After Makino was involved in an incident in Yoshiwara, he was sent to Hawaii in 1899 to help his brother, Jo Makino, who owned a small store in Naalehu on the Big Island. Makino quickly moved on to working as a bookkeeper for the Kona Sugar Company until 1901, when he moved to Oahu and opened a drug store in Honolulu. In 1903, after marrying his wife, Michie Okamura, he started an informal law practice for Japanese immigrants above his store. At the time, Japanese immigrants were not allowed to become lawyers, so he was able to fill a need within the community for legal assistance in Japanese.

==1909 sugar strike==
During the 1909 strike, one of the first large sugar plantation strikes in Hawaii, Makino founded the Zokyu Kisei Kai (Higher Wage Association) with Motoyuki Negoro and Yasutaro Soga, the editor of the Nippu Jiji. During the strike, they and two other strike leaders were jailed together for ten months and fined $300, though they only served four months. After he was released from prison, Makino returned to his drugstore to find that the Hawaii Sugar Plantation Association had stolen his account books while looking for union-related documents. He sued the HSPA with the assistance of lawyer Joseph B. Lightfoot, and settled out of court after the matter had become an international incident.

==The Hawaii Hochi==
On December 7, 1912 Makino started the Hawaii Hochi as a Japanese-language newspaper for laborers. This was in response to Soga's changing attitude toward protests and resistance against the white plantation owners. The two men–and the two newspapers–would often clash about local issues. Throughout his career, Makino and the Hawaii Hochi would support Japanese and Filipino workers during the Oahu sugar strike of 1920, advocate for American citizenship for Japanese soldiers who fought in World War I, and speak out against the territorial government's attempts to regulate Japanese-language schools. Because he disagreed with many Japanese American community leaders, like Takie Okumura and the Japanese Consulate General, Makino was seen as a controversial figure.

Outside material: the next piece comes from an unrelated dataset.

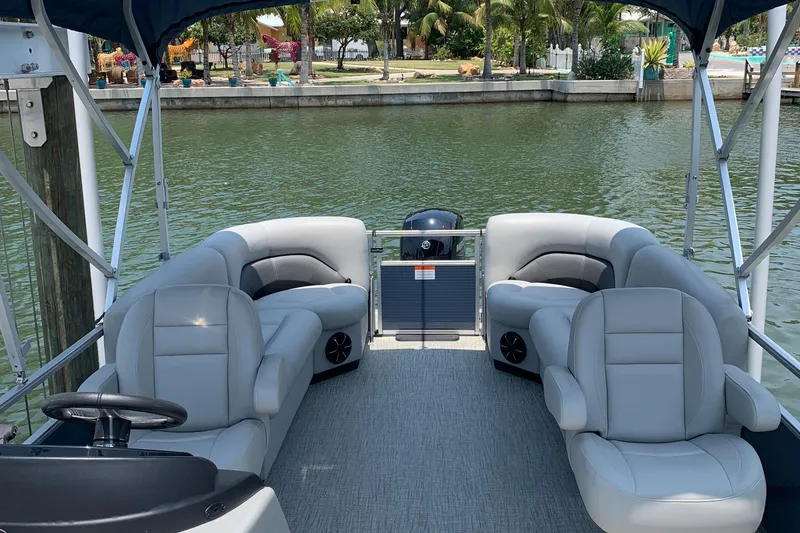 Slide: The Image of 2023 Landau Island Breeze 232 pontoon boat interior with plush seating on a calm waterway. - 17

In 1942, Makino temporarily renamed the Hawaii Hochi as the Hawaii Herald in order appear more American. This did not stop the newly-instated military government from temporarily shutting down the newspaper. Makino was interrogated by the FBI, but ultimately was not sent to the mainland and interned like his brother Seiichi Tsuchiya and other Japanese community leaders.

==Death and legacy==
In 1949 Makino had a heart attack and grew steadily weaker until he died on February 17, 1953. When he became ill after the heart attack, he drew back from editing the Hochi, which in turn stopped advocating against social injustices.

The Hawaii Hochi is still being published in Japanese, and the Hawaii Herald is published in English.